Set down the final stretch of the data, from the line that holds "SAINT LAURENT Niki" through the last line, both included, with pictures left out.

(Dataset records begins)

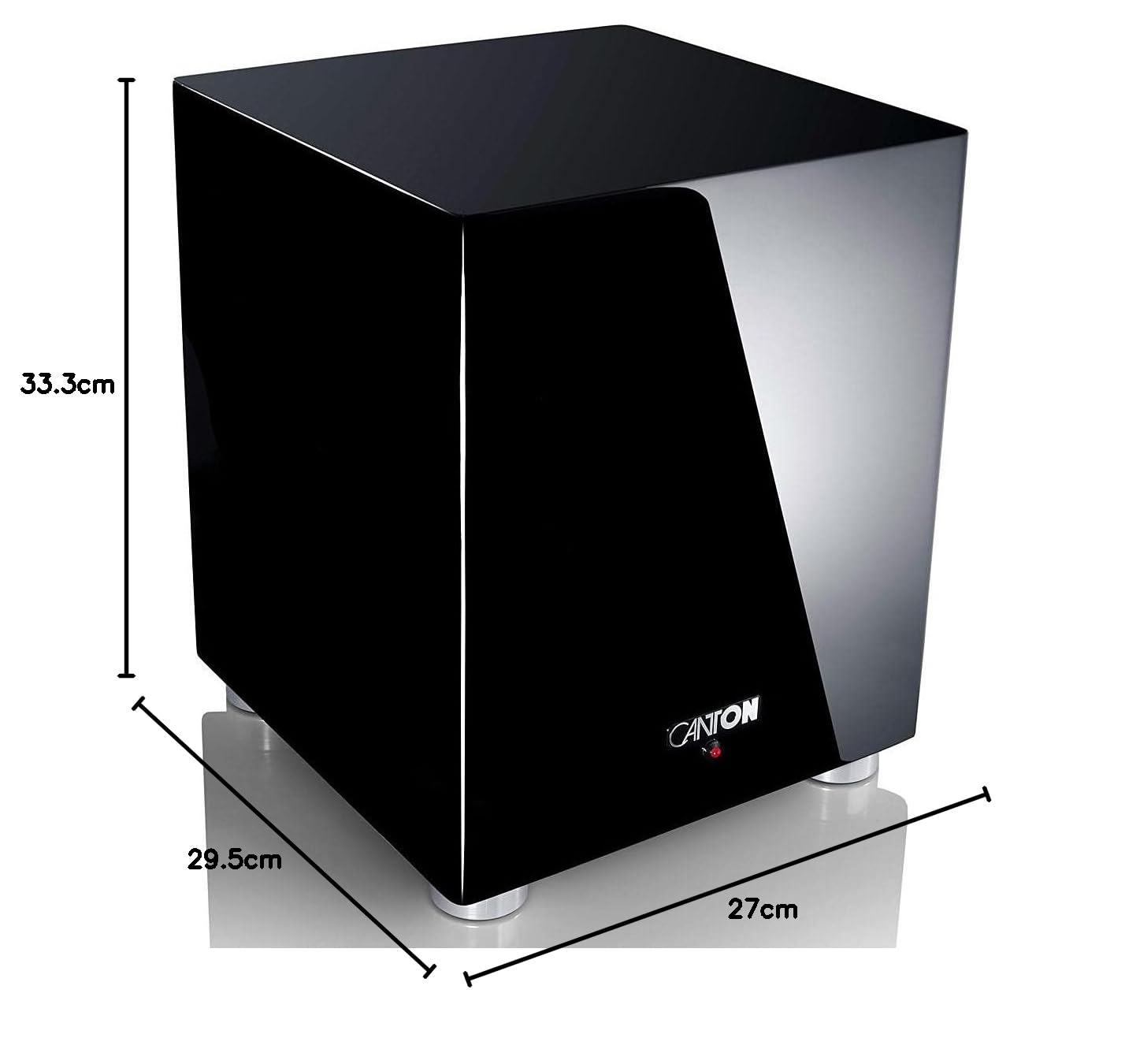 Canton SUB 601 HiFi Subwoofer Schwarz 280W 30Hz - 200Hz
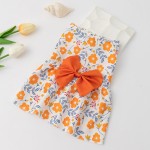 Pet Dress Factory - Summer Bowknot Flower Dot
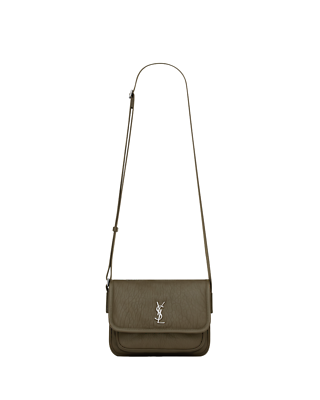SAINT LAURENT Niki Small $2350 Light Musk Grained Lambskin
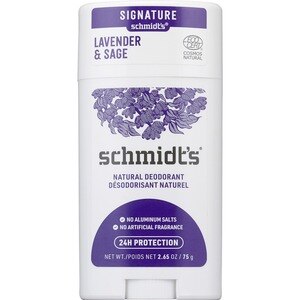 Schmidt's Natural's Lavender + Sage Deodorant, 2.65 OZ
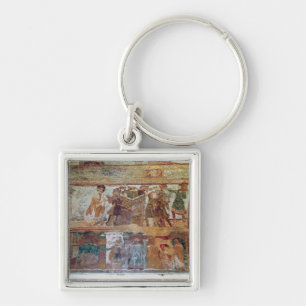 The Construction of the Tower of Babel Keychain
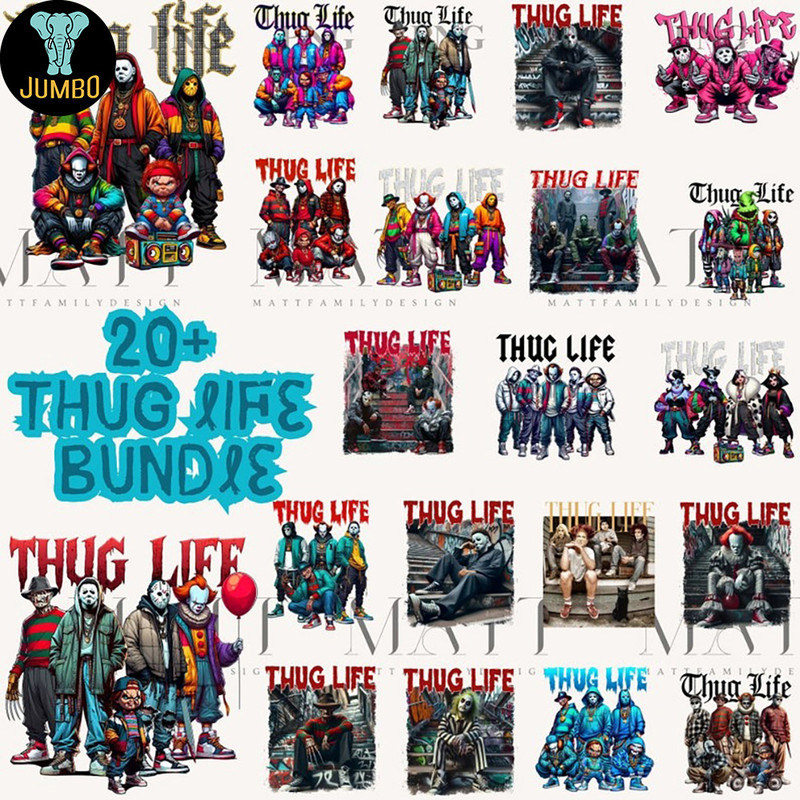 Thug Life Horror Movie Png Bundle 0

(Dataset records ends)

**Finished task**
SAINT LAURENT Niki Small $2350 Light Musk Grained Lambskin
 Schmidt's Natural's Lavender + Sage Deodorant, 2.65 OZ
 The Construction of the Tower of Babel Keychain
 Thug Life Horror Movie Png Bundle 0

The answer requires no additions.